Output the sequence removing repeated entries.
Modify the program to achieve the same or similar result with words rather than with numbers.
#include <iostream>
#include <vector>
#include <algorithm>
using namespace std;
int main()
{
// Create a vector containing integers
vector<int> v = {};
// Add integers to vector
for (int i=0; i<10; i=i+1) {
int n = 0;
cin >> n;
v.push_back(n);
}
cout << "\n";
// Sort vector
sort(v.begin(), v.end());
// Iterate and print values of vector
for(int n : v) {
cout << n << '\n';
}
cout << "\n";
cout << "Length: " << v.size() << "\n";
cout << "\n";
cout << "Largest number: " << v[v.size()-1] << "\n";
cout << "\n";
// Remove repeated entries
v.erase(unique(v.begin(), v.end()), v.end());
// Iterate and print values of vector
for(int n : v) {
cout << n << '\n';
}
}
[use of switch structure]
Write a program that reads from standard input a number and a currency
among yen, dollars and puonds and converts it to Danish krone. For
Example, 1 $ should give 6,50 DKK.
Use the switch structure to decide from which currency to translate.
#include <iostream>
using namespace std;
int main () {
double yen_dkk_rate = 0.0573208;
double dollar_dkk_rate = 6.4808814;
double pound_dkk_rate = 8.5353208;
double amount = 0;
char currency;
cout << "Please enter an amount of money followed by a currency\n" << "Currencies supported:\n" << "y for Japanese yen\n" << "d for US dollars\n" << "p for British pound\n";
cin >> amount >> currency;
switch(currency) {
case 'y':
cout << amount << " Japanese yen equals to " << amount*yen_dkk_rate << " dkk\n";
break;
case 'd':
cout << amount << " US dollars equals to " << amount*dollar_dkk_rate << " dkk\n";
break;
case 'p':
cout << amount << " British pound equals to " << amount*pound_dkk_rate << " dkk\n";
break;
default:
cout << "Invalid currency" << endl;
}
return 0;
}
[use of functions]
Modify the program from task 10 with integers such that it always outputs the median of the sequence. See Wikipedia for a definition of median. Implement the calculation of the median in a function that takes as input the vector and outputs the median.
#include <iostream>
#include <vector>
#include <algorithm>
using namespace std;
// new functions how to be declared before the main function
int median(vector<int> v) {
if (v.size() % 2 == 0) {
return (v[v.size() / 2 - 1] + v[v.size() / 2]) / 2;
} else {
return v[v.size() / 2];
}
}
int main()
{
// Create a vector containing integers
vector<int> v = {};
// Add integers to vector
for (int i=0; i<9; i=i+1) {
int n = 0;
cin >> n;
v.push_back(n);
}
cout << "\n";
// Sort vector
sort(v.begin(), v.end());
int m = median(v);
cout << "The result is: " << m << endl;
// if we want to return a decimal value, we have to init the values to be double instead of int
}
This is exercise 5 from Chapter 4 of [BS].

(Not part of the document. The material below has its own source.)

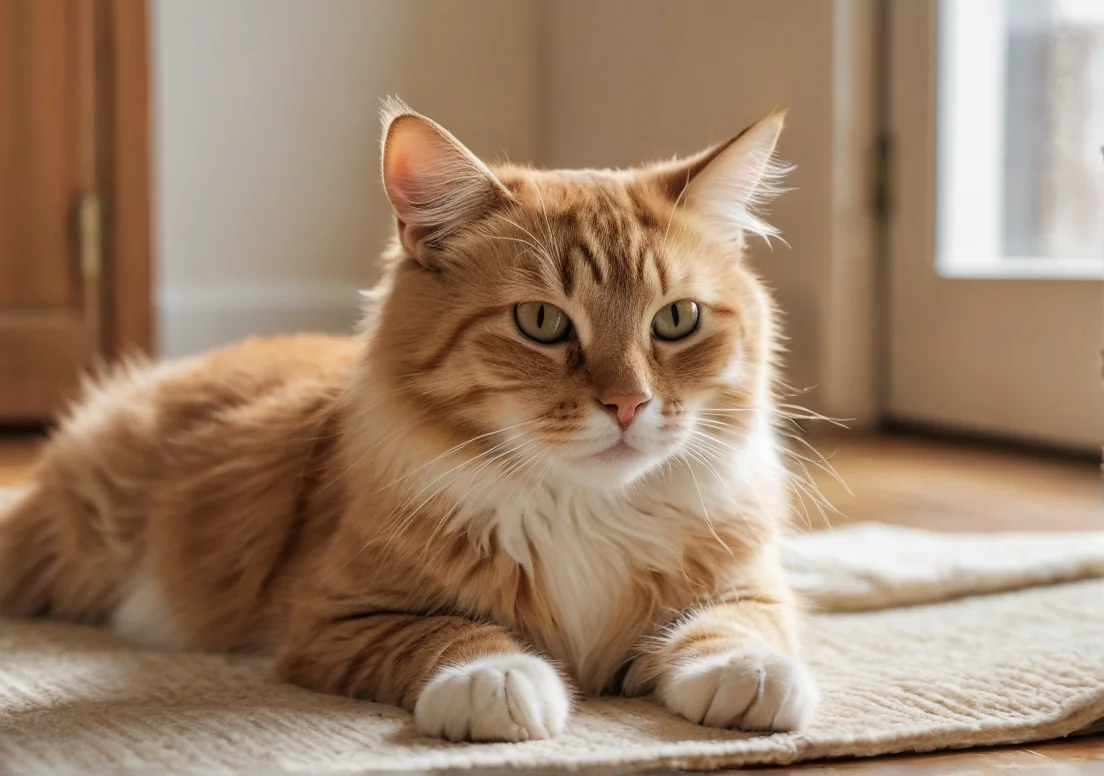 a cat is laying on the floor next to a dog's toy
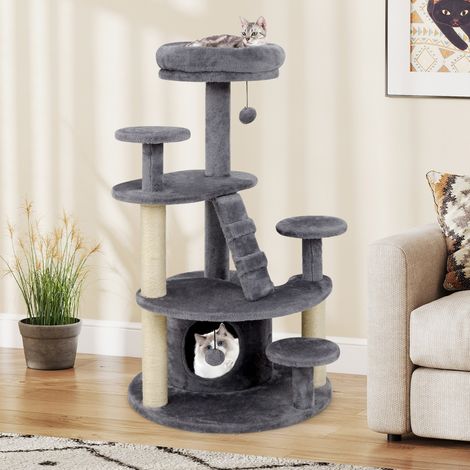 Arbre à Chat Multi-Niveaux avec Condo Perchoir Rembourré Poteaux à Gratter Boule en Peluche Suspendue Plates-formes de Saut Gris (1/2)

Write a program to play a numbers guessing game. The user thinks of a
number between 1 and 100 and your program asks questions to figure
out what the number is (e.g., “Is the number you are thinking of less than
50?”). Your program should be able to identify the number after asking
no more than seven questions. Hint: Use the < and <= operators and the
if-else construct.
We solve the problem by binary search. We have two alternatives, one in which we check if the value is the same as the thought number and one in which the number will be the one left when the interval becomes closed.
#include <iostream>
#include <cmath>
using namespace std;
int main() {
int max = 100;
cout << "Think about a number between 1 and "<< max << endl;
int left = 1;
int right = max;
while (left != right) {
int m = ceil((left + right) / 2.0);
char reply;
cout << "Is the number < " << m << "?" << endl;
cin >> reply;
if (reply == 'y')
right = m-1;
else
left = m;
}
cout << "the number was: " << left << endl;
return 0;
}
A recursive version:
#include <iostream>
#include <cmath>
using namespace std;
int binary_search(int left, int right) {
if (left == right) return left;
int m = ceil((left + right) / 2.0);
char reply;
cout << "Is the number < " << m << "?" << endl;
cin >> reply;
if (reply == 'y')
return binary_search(left, m-1);
else
return binary_search(m, right);
}
int main() {
int max = 100;
cout << "Think about a number between 1 and "<< max << endl;
int guess = binary_search(1,max);
cout << "the number was: " << guess << endl;
return 0;
}
This is exercise 8 from Chapter 4 of [BS].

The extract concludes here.